Work item:
Each entry below should appear again exactly as written, without pictures.

Records for processing:
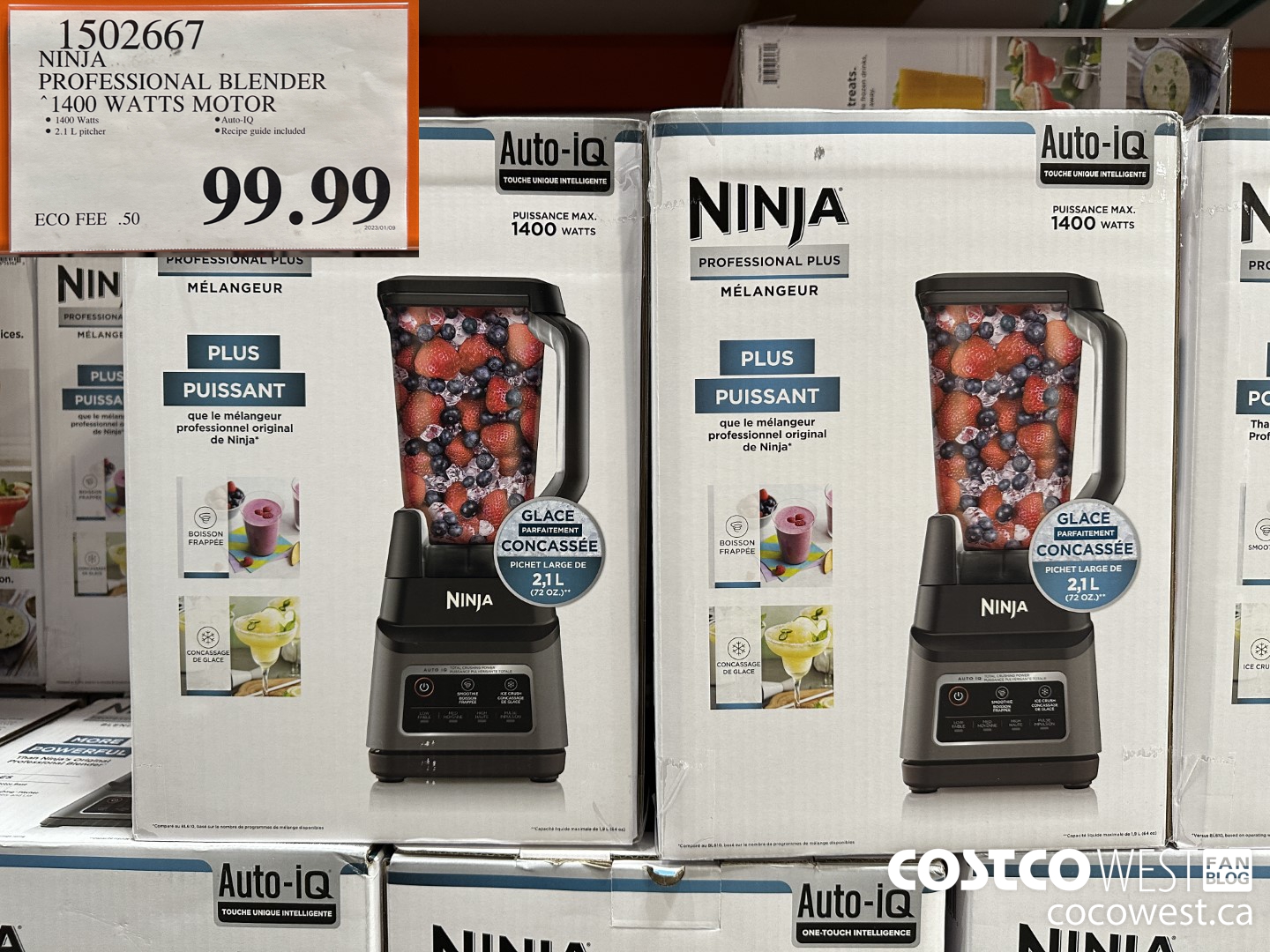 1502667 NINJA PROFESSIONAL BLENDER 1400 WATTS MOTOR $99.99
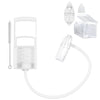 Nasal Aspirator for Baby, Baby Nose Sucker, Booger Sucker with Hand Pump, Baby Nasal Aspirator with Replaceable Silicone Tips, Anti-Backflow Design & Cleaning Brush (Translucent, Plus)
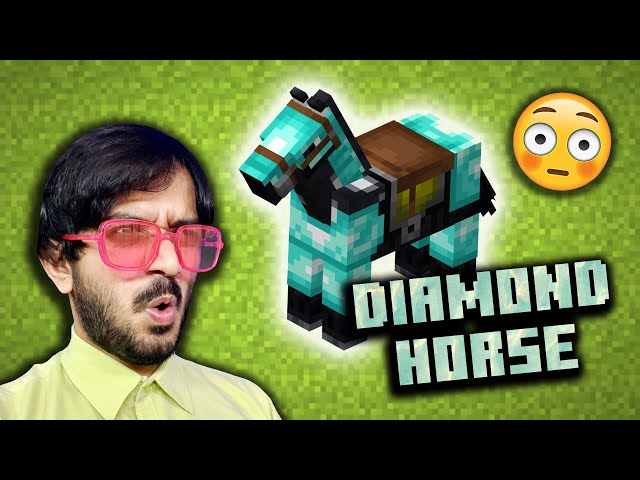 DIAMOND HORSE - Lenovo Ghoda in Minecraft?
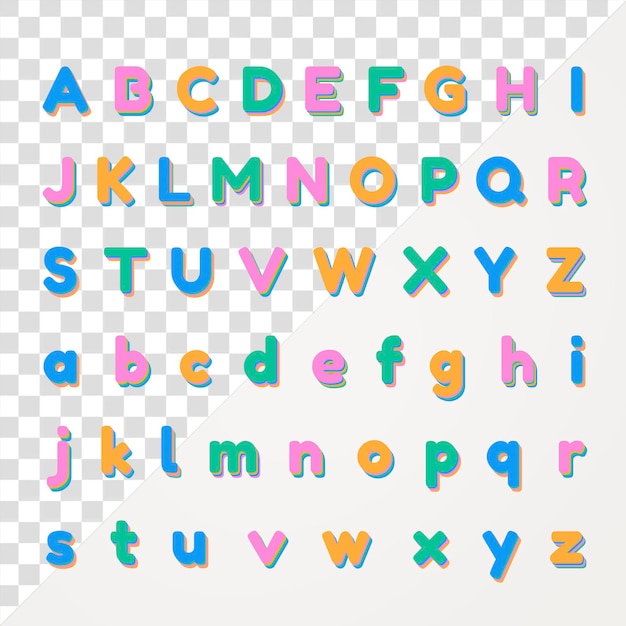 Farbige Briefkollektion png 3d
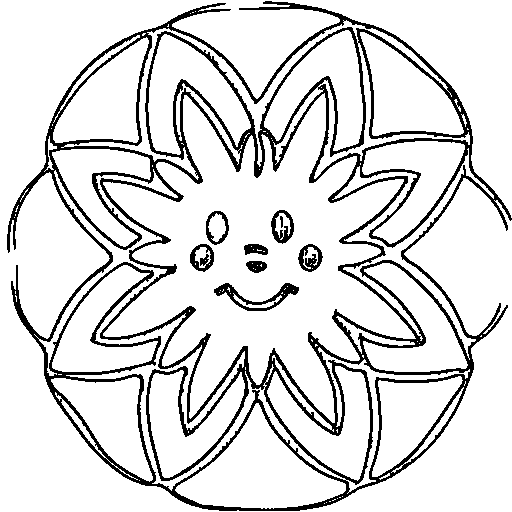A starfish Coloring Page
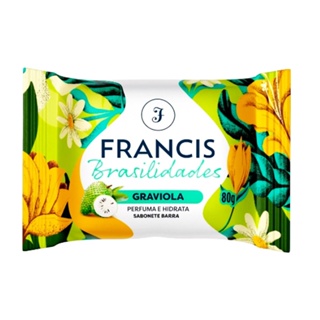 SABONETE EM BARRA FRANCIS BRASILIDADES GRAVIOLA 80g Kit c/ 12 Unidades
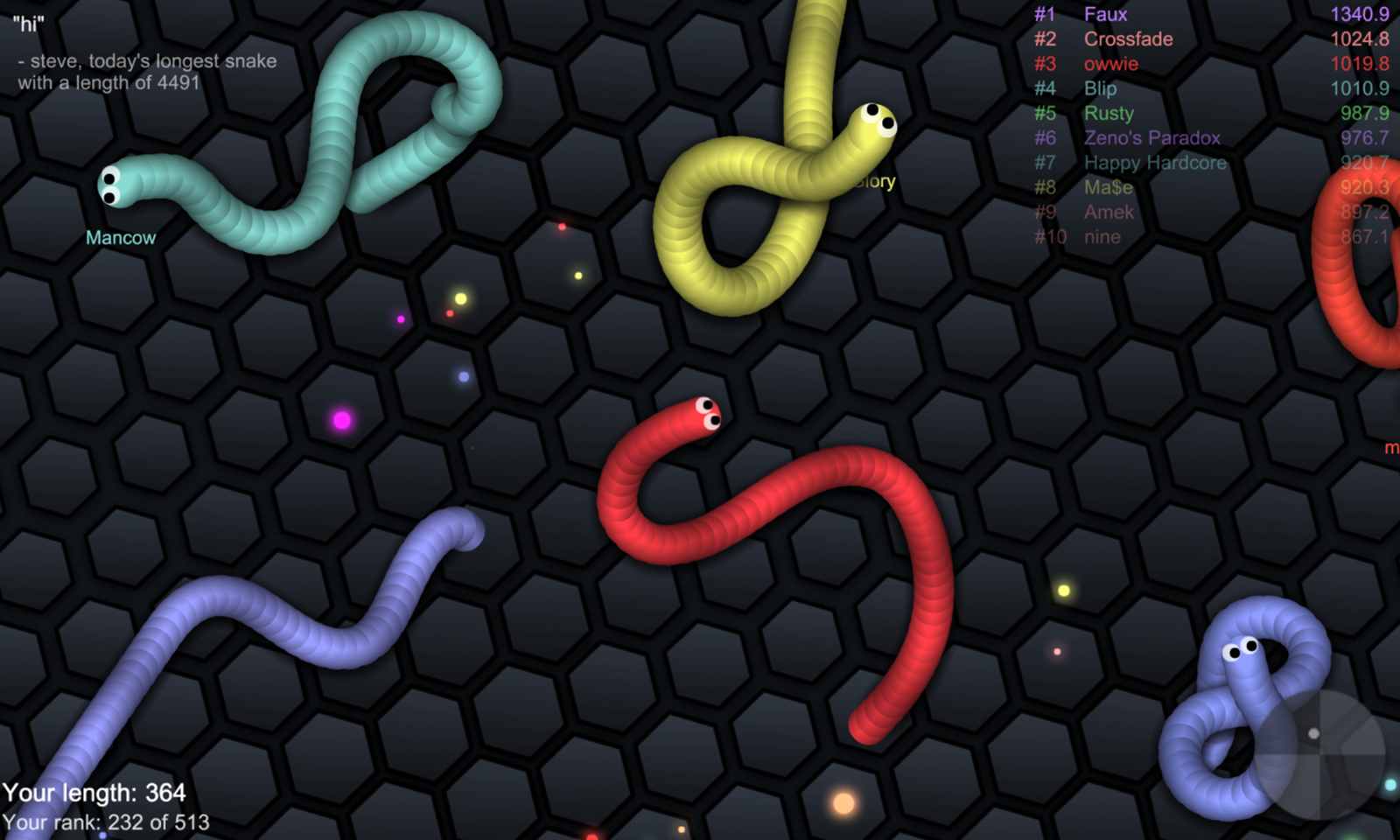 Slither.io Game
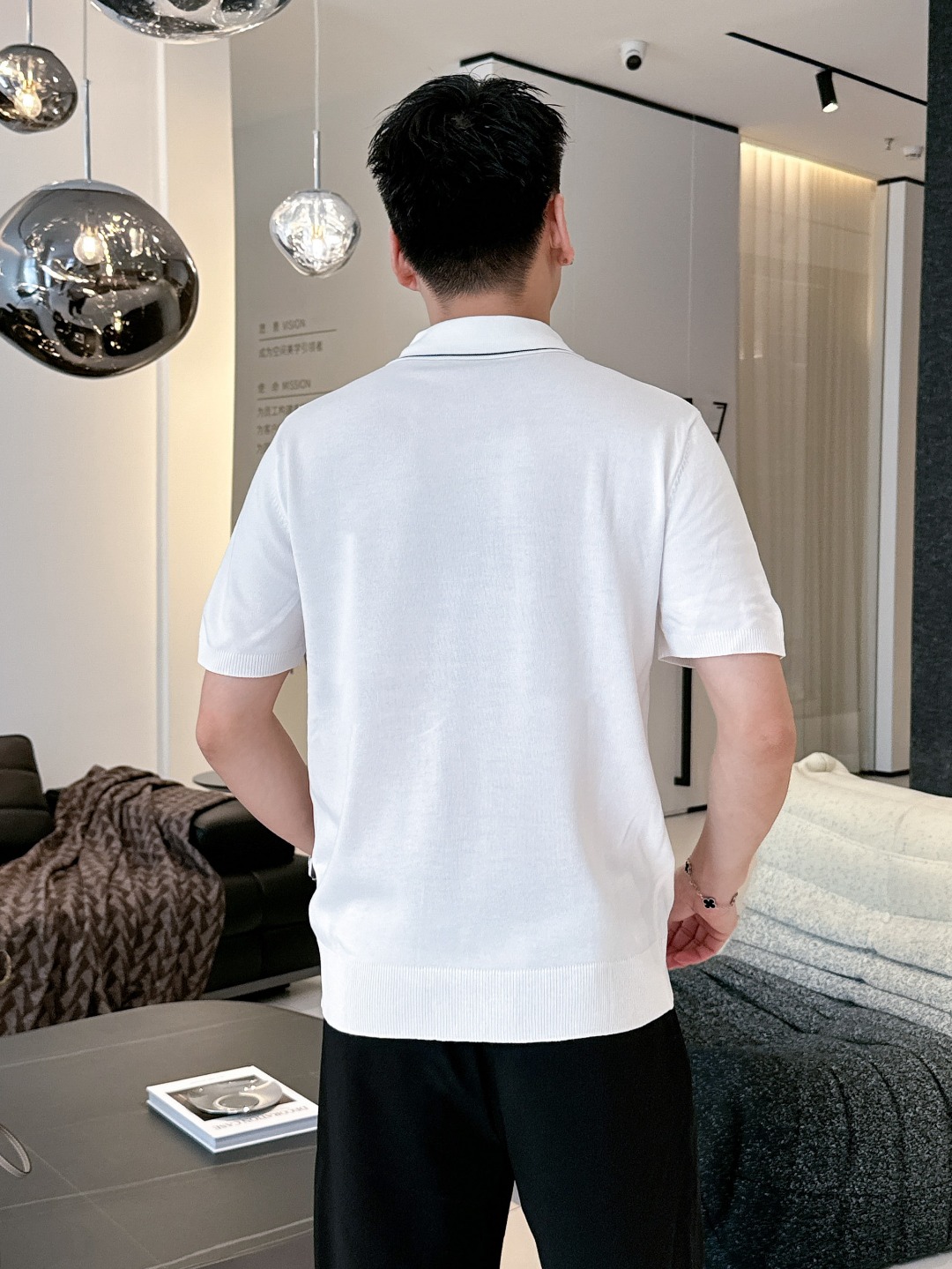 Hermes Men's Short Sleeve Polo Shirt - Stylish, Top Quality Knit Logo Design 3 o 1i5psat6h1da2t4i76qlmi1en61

Expected answer:
 1502667 NINJA PROFESSIONAL BLENDER 1400 WATTS MOTOR $99.99
 Nasal Aspirator for Baby, Baby Nose Sucker, Booger Sucker with Hand Pump, Baby Nasal Aspirator with Replaceable Silicone Tips, Anti-Backflow Design & Cleaning Brush (Translucent, Plus)
 DIAMOND HORSE - Lenovo Ghoda in Minecraft?
 Farbige Briefkollektion png 3d
A starfish Coloring Page
 SABONETE EM BARRA FRANCIS BRASILIDADES GRAVIOLA 80g Kit c/ 12 Unidades
 Slither.io Game
 Hermes Men's Short Sleeve Polo Shirt - Stylish, Top Quality Knit Logo Design 3 o 1i5psat6h1da2t4i76qlmi1en61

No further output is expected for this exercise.